Tuesday, April 12, 2011

Time equals Change

When I was young up until College years, I used to smile a lot and laugh a lot. When I was about to turn 25, I started feeling depressed about my life and do not know what to do. I recovered from it though, after a year. When I reached 27, year 2007, the year my Tita Lorna died, I started to feel lonely and sad. I think, I have recovered from it after two years. It was really a very slow process because I love my Tita Lorna as much as I love my parents, Lola Coring, my brother, niece and Brian. Losing someone you love really kills a part of yourself. Moving on...I didn't actually noticed the year 2009 and 2010 pass by because of busy schedule at work. I never even realized that I was about to turn 30 last 2010. But now, its 2011...I am becoming more serious about a lot of things...also confused with a lot of things. I am in my early 30s now...starting to have white hair and even losing some hair, hahahaha. I feel like, I need to change and concentrate more about myself. I no longer have much time for night outs unlike when I was still in my 20's. I seldom see a movie unlike when I was still in mid 20's...had watched movies more than 3 times in a month. Things really change when you grow old. There has to be a progress...maybe not so much about monetary but wisdom. I have learned a lot from my past experiences and those made me who I am now and what I am now. I hope I would still continue to gain more wisdom...
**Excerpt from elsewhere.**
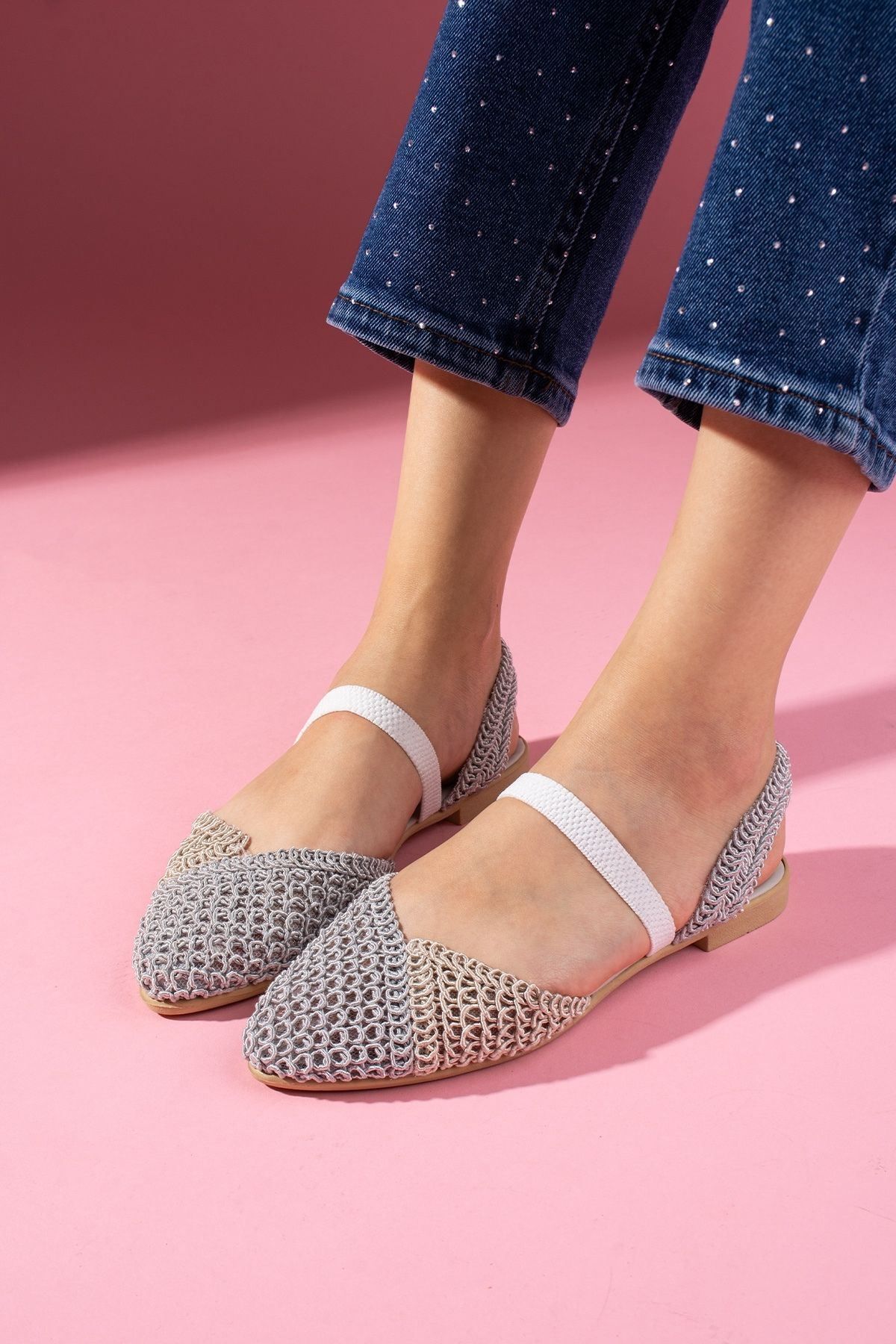 FUGA MODA-Finex Gray Mink Double Color Closed Front Knitwear Knitted Elastic Sandals 2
another nonsense blog from me...just sharing.

Sunday, April 3, 2011

whatever comes out...

It's really been a long time since I last checked my blog and even posted something here. For the past years, I have experienced a lot of things...good and bad. I cried a lot when I left my former store in Intramuros...its as if leaving a family that has been there for you through thick and thin. But I had to move on. I had to leave the bad memories but never forget the good ones. I miss those people who always made me smile...who I trusted and respected so much. If only I could turn back time, I would still stay with you guys and enjoy working with you all (you know who you are!)
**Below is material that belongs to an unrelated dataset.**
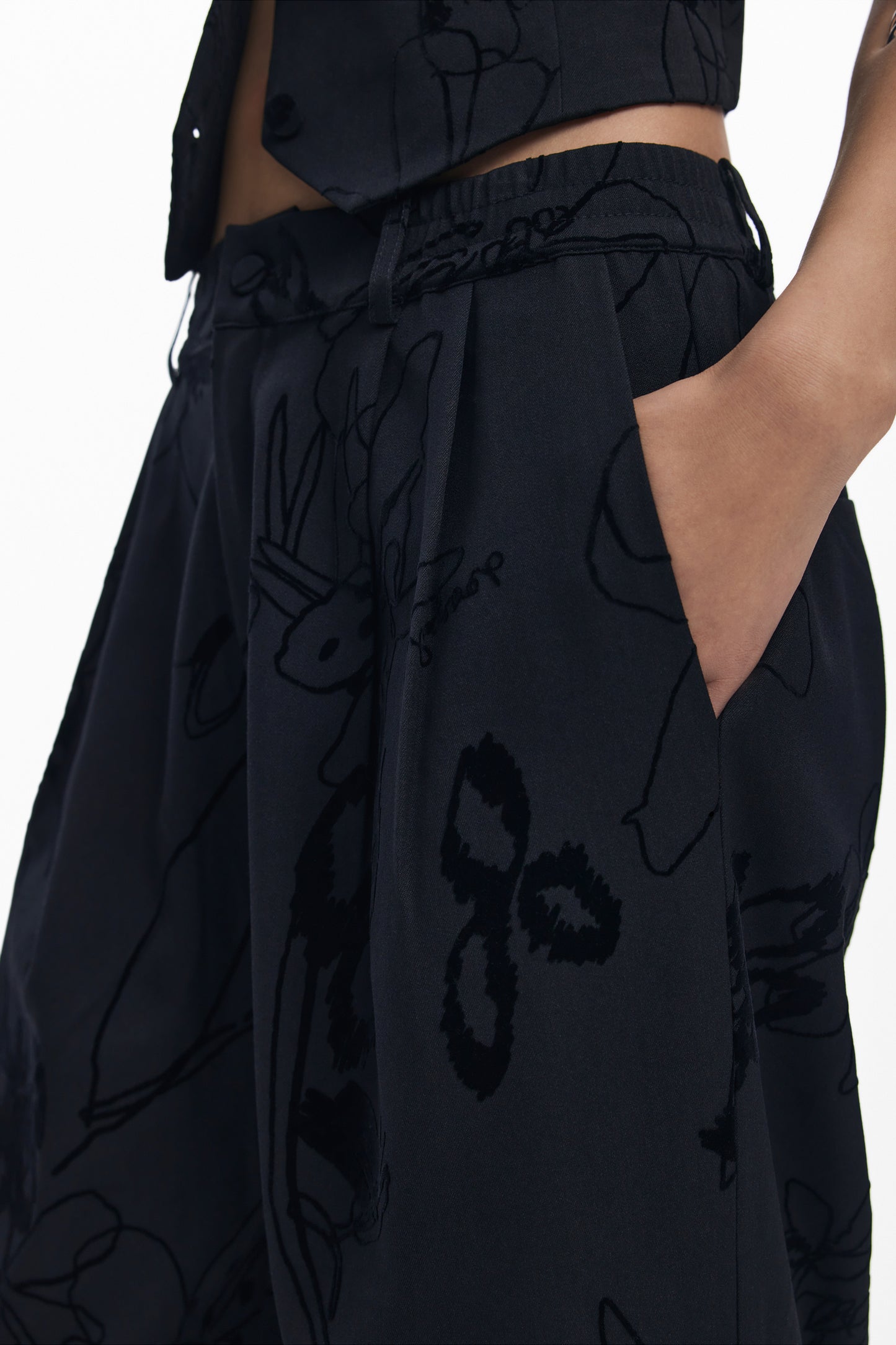 DESIGUAL PANTALONE DONNA NERO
Moving on...I am in a new store now...somewhere in Makati. I have a new family. They are all nice to me and were able to at least accept me for who I am and what I am. I have been there since October 11th, 2010. It will be my 6th month this coming April 11th. Time is really so fast. I've seen a lot of people come and go in the store...most especially the crew whom I had fun working with. That's why I keep on sticking to the job I have...its fulfilling and gratifying.

But I am getting old now...turning 31 this coming October. I still haven't achieved what I wanted to achieve. Well, actually, I don't even know what I really want to achieve...that's one big problem though. Anyways, I just wish that someday and somehow, I will be a lot happier than before.